Itu mengalir ke dalam dirinya secara alami seperti halnya bernapas.
Namun, dia tidak dapat memahami apa itu.
Yang lebih meresahkan, dia tidak tahu bagaimana energi itu bergerak di dalam tubuhnya.
Bagi seseorang seperti Julien, yang memiliki kendali penuh atas tubuhnya sendiri, hal ini mustahil. Itulah mengapa ia perlu memahami energi apa itu.
Julien terus fokus ke dalam, mencoba melacak kekuatan yang tidak diketahui.
Kemudian-
Pikirannya tiba-tiba diselimuti kabut hitam.
‘…’
Mata Julien berkedut.
Untuk sesaat, dia mengira makhluk itu mencoba mengendalikan pikirannya.
Tapi itu tidak terjadi.
Sebaliknya, ia tenang dan mulai menunjukkan sesuatu padanya.
‘Ini…’
Dari dalam kegelapan, dia melihat seorang wanita.
Dia tersenyum.
Dia tidak dapat mengenali siapa dia, mata dan rambutnya tertutup bayangan.

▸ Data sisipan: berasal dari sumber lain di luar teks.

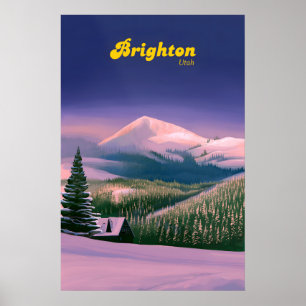 Affiche de voyage de la station de ski de Brighton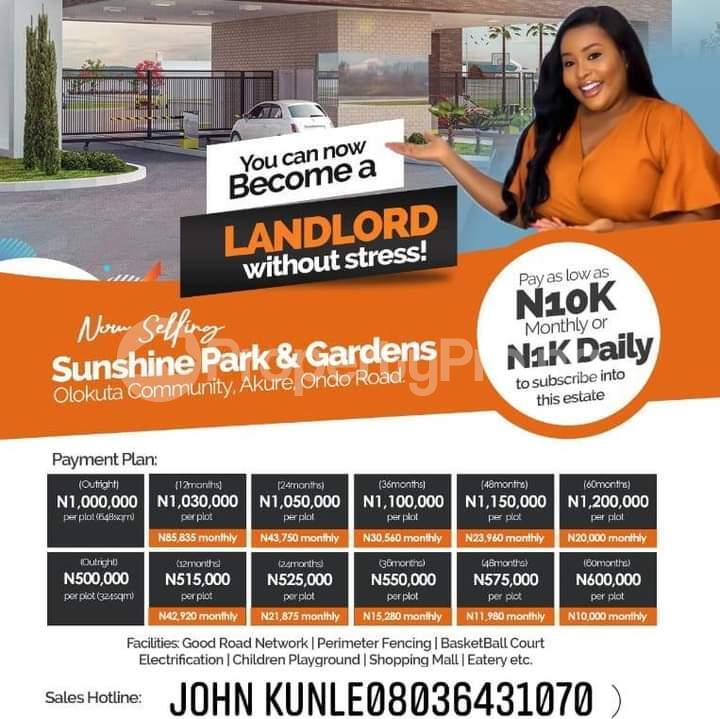 Land for sale Sunshine Park And Gardens , Olokuta Community, Ondo Road, Akure, Ondo State Akure Ondo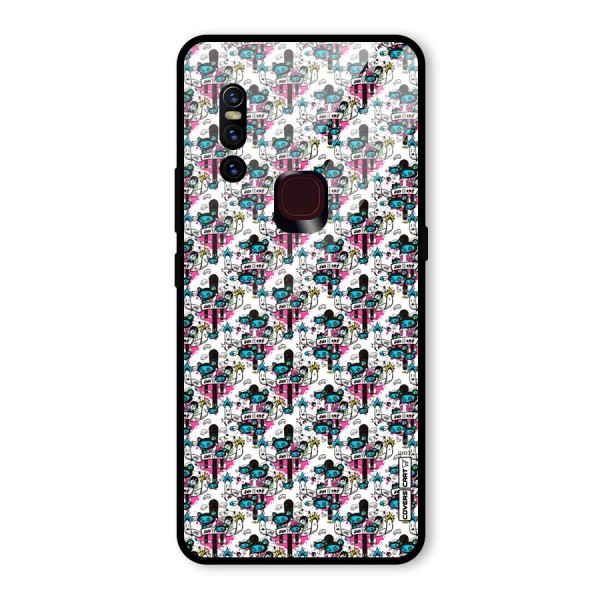 Blue Pink Pattern Glass Back Case for Vivo V15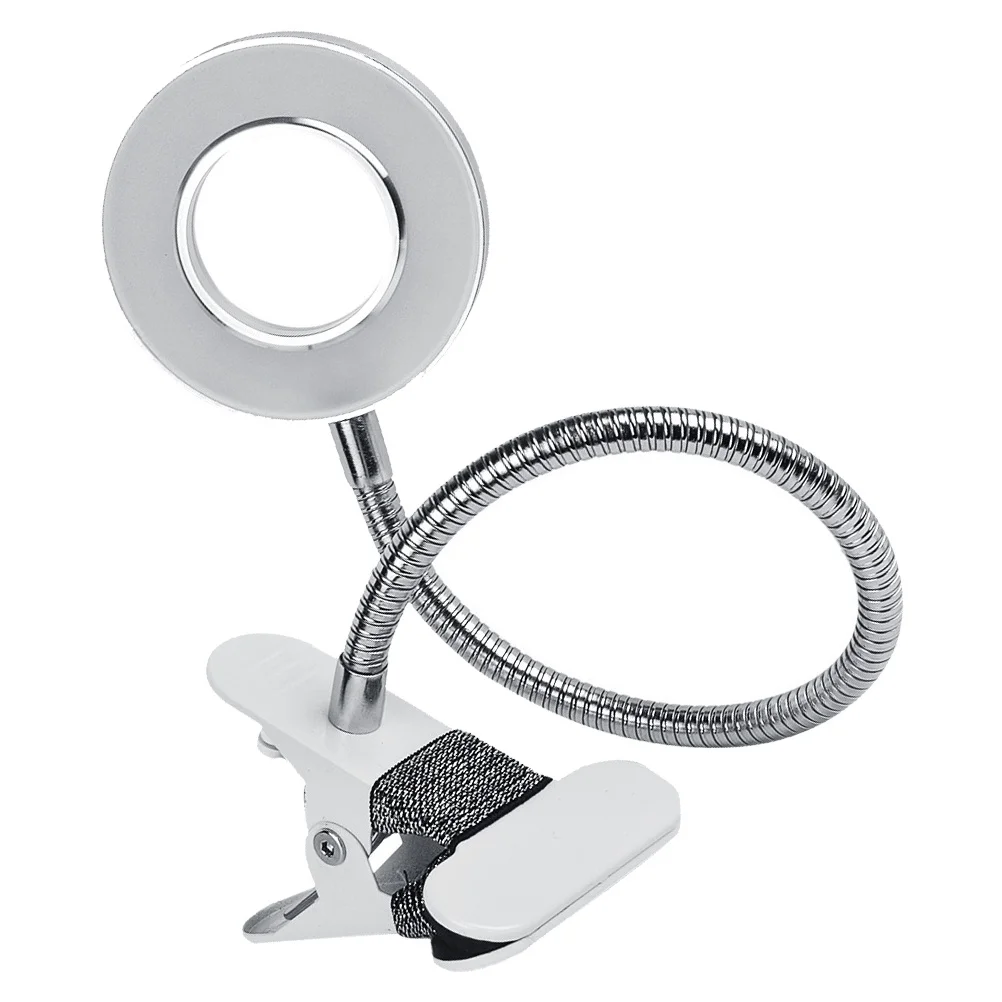 1 stks LED schoonheid nagellamp zilver opvouwbare tafellamp verstelbare oogbescherming licht manicure desktop licht nagelsalon tool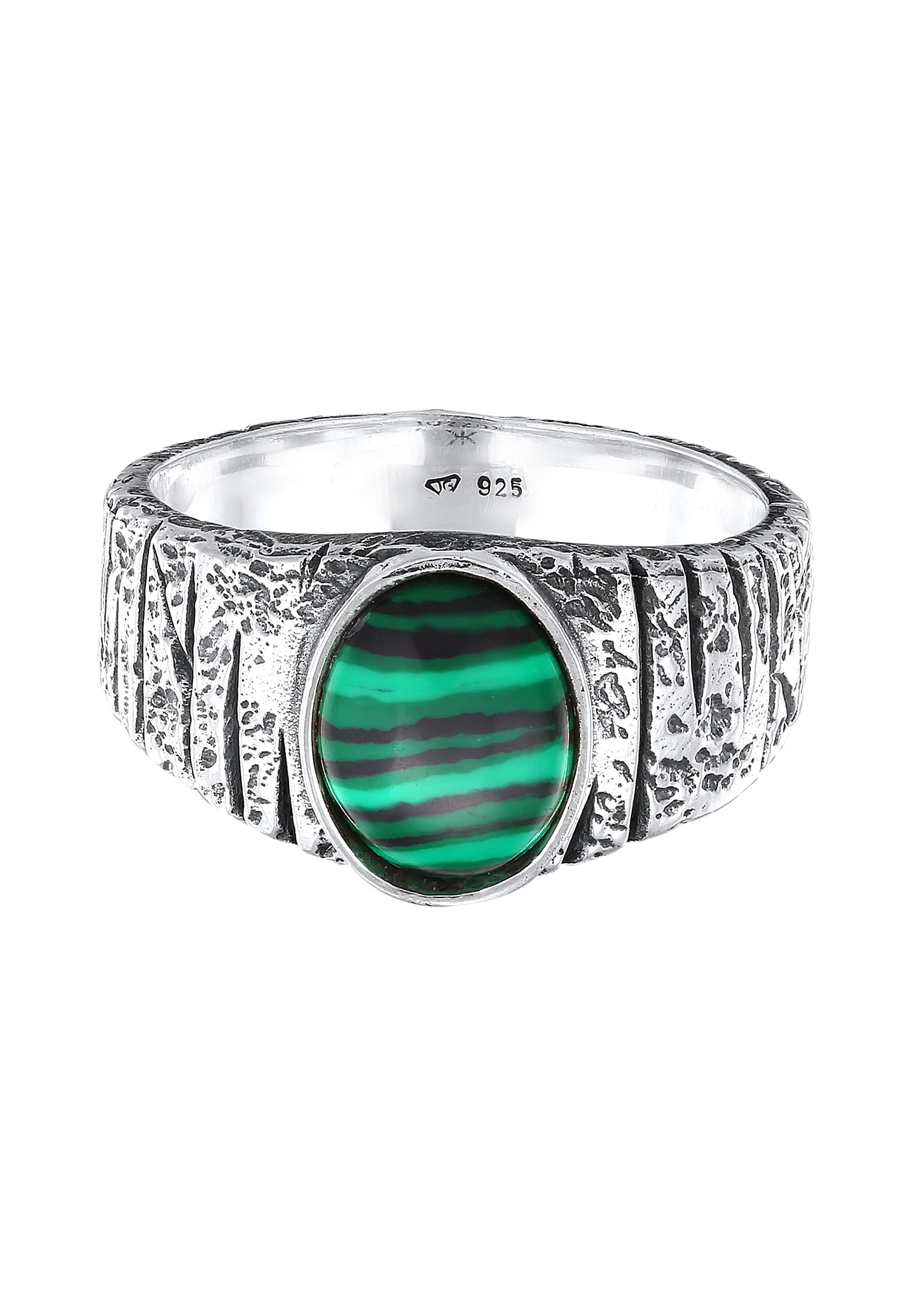 Kuzzoi Siegelring »Siegelring Malachit Grün Bikerring 925 Silber«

Namun, di balik itu semua, wajahnya yang tak tertutup memperlihatkan senyum yang lembut dan penuh arti.
Senyum yang sedih sekaligus gembira, ekspresi pahit manis dan penuh teka-teki.
Ini tidak normal.
Visi ini terwujud dengan sendirinya, di luar kemauannya.
‘…Siapa kamu?’
Julien memfokuskan pikirannya, menuntut jawaban.
Tidak mungkin gambaran seorang wanita yang tidak dikenal akan muncul dalam pikirannya tanpa alasan.
Ini pasti hasil kerja energi yang memasukinya.
Bibir wanita itu terbuka, senyumnya tidak berubah.
— “…Anda tidak ada di sini untuk menyelamatkan dunia.”